→ To do
After finding the line that holds "Art of Problem Solving Prealgebra Set" below, set down that line and the rest through the final one exactly, leaving the pictures out.

→ Records for this exercise
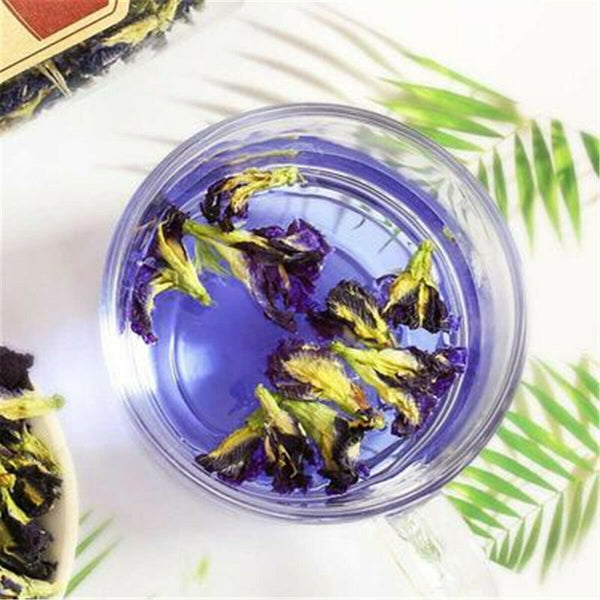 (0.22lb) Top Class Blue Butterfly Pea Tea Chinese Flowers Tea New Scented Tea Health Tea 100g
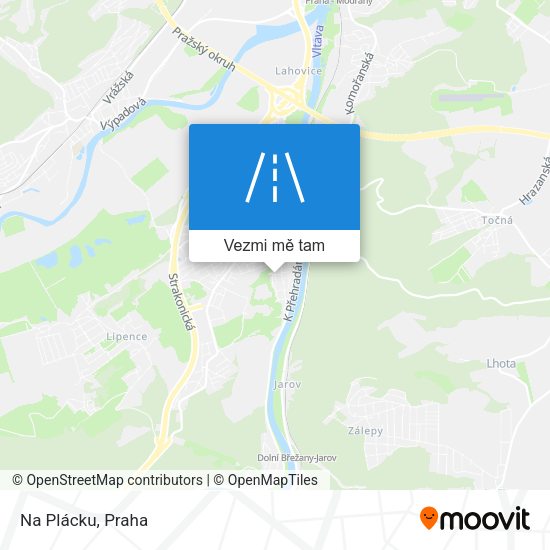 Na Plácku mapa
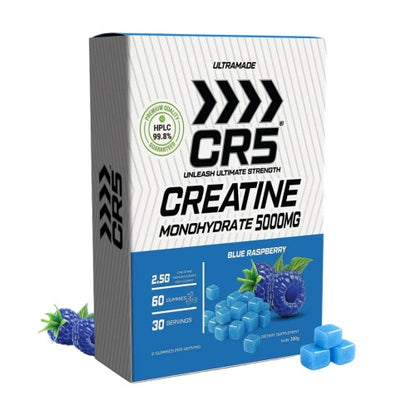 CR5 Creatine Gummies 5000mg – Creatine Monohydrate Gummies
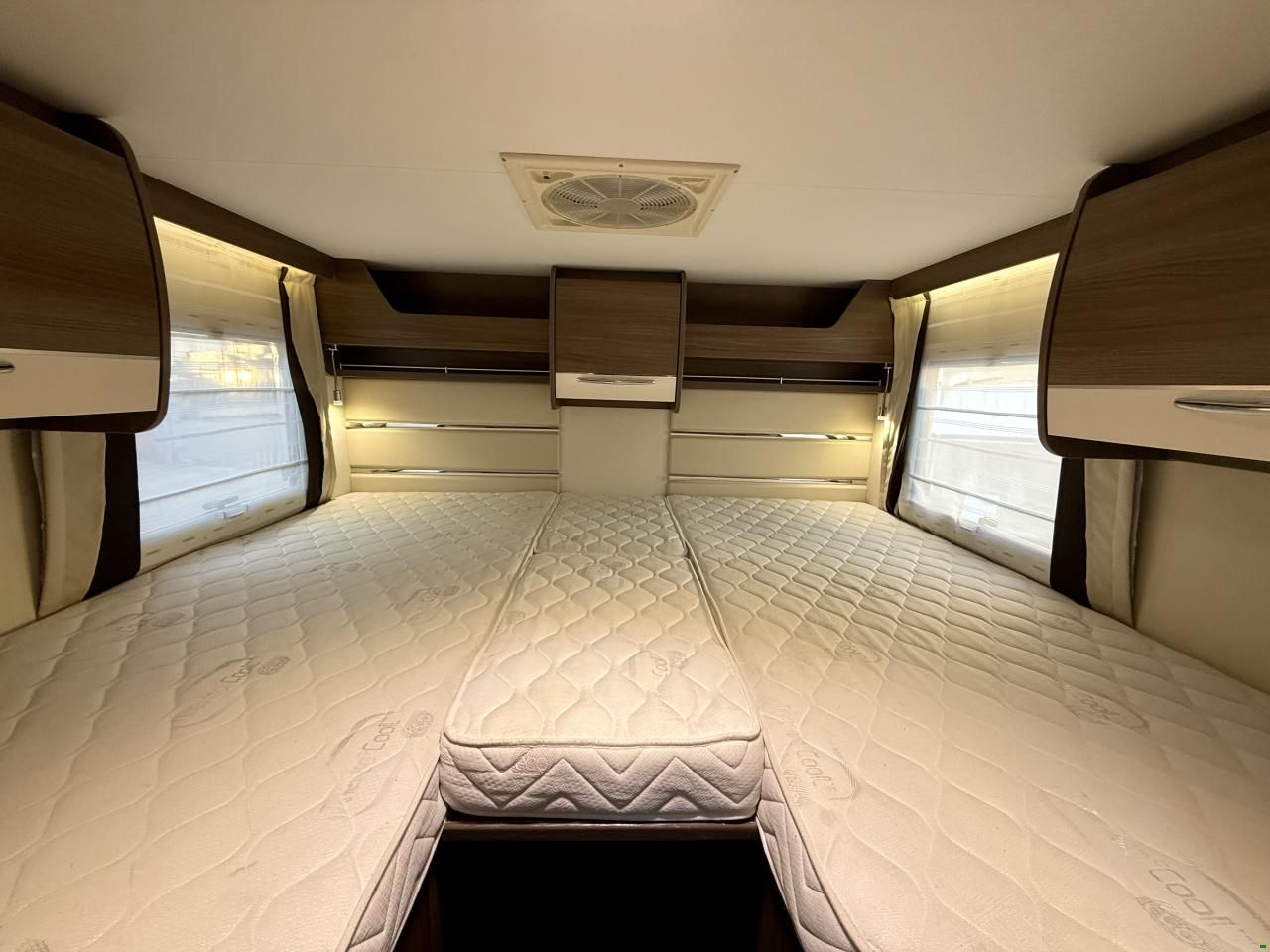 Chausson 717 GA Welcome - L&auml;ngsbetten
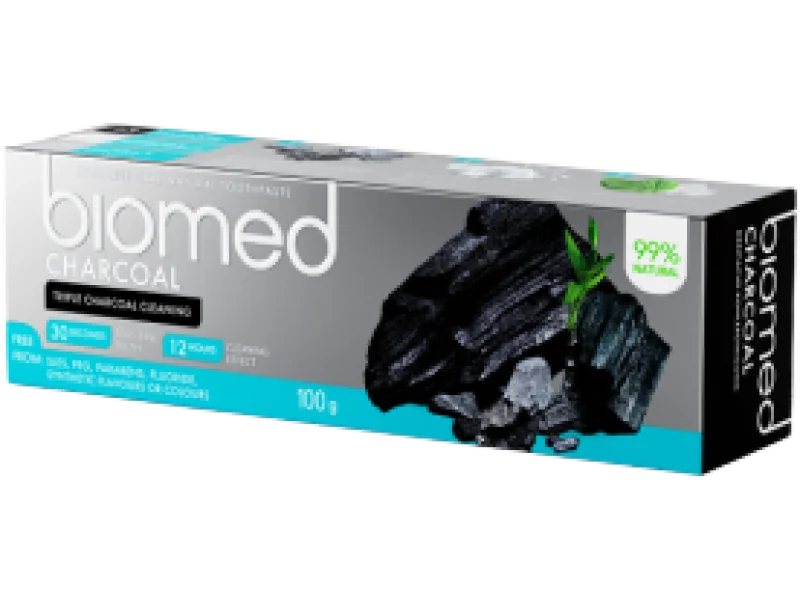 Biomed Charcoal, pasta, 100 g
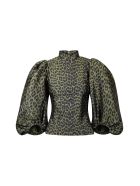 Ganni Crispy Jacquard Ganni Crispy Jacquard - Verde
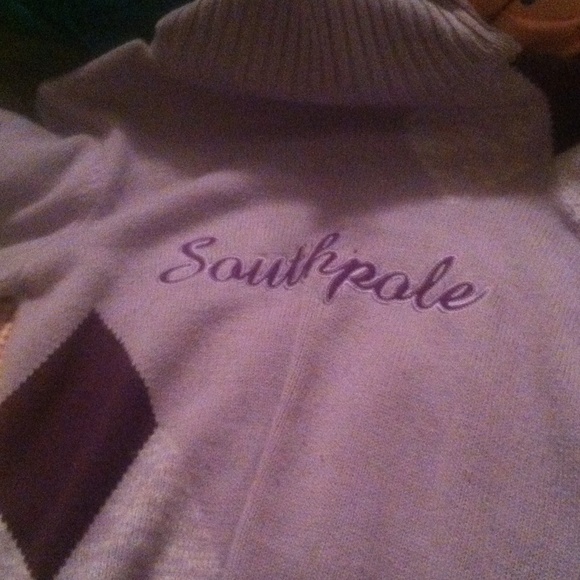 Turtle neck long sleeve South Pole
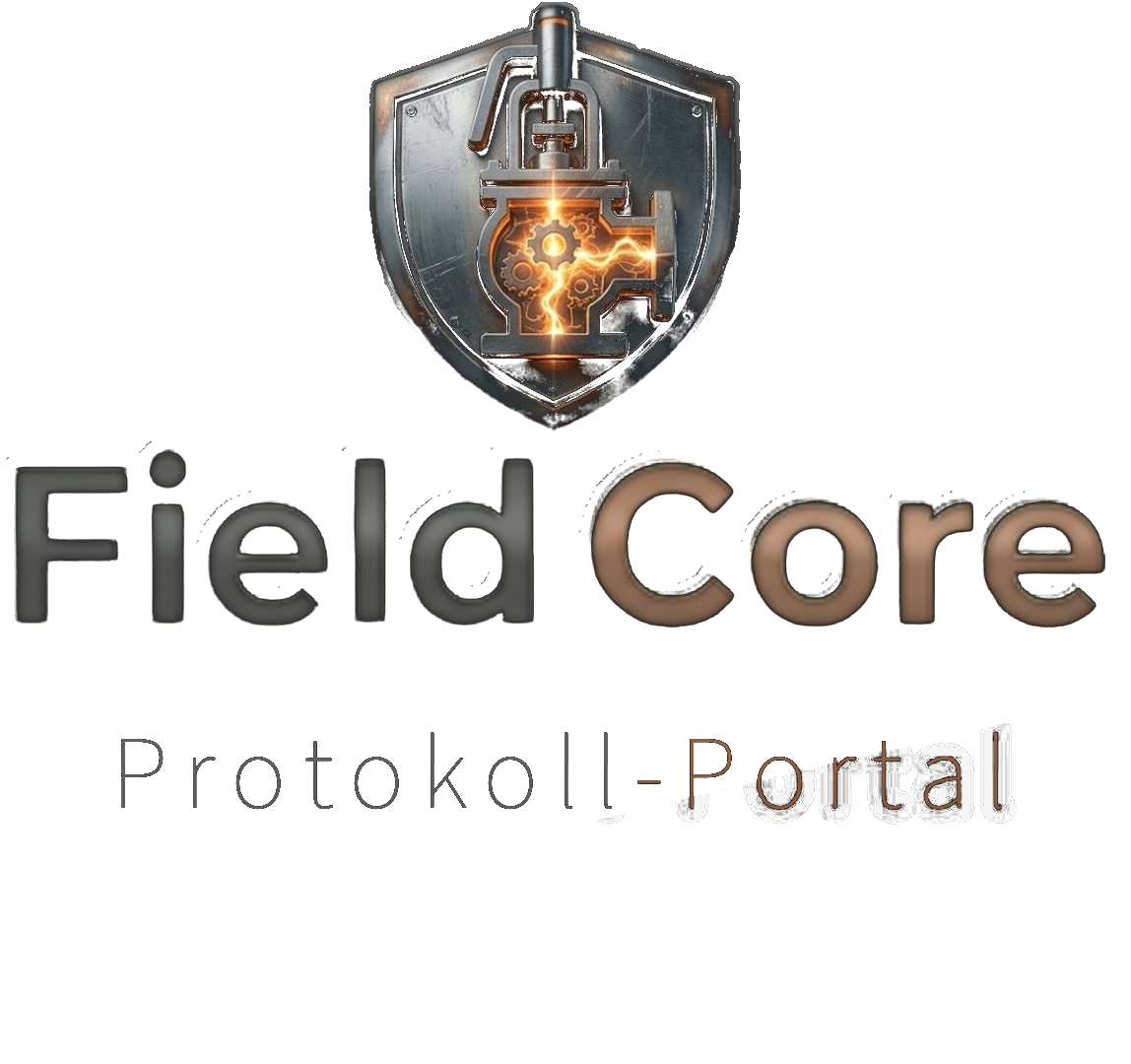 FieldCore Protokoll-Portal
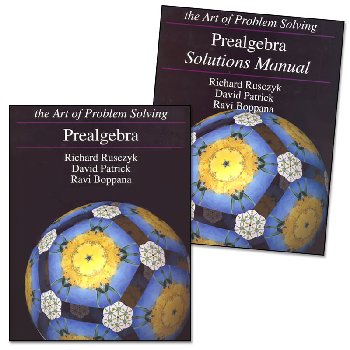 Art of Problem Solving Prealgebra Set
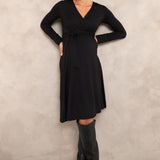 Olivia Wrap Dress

→ Response
 Art of Problem Solving Prealgebra Set
 Olivia Wrap Dress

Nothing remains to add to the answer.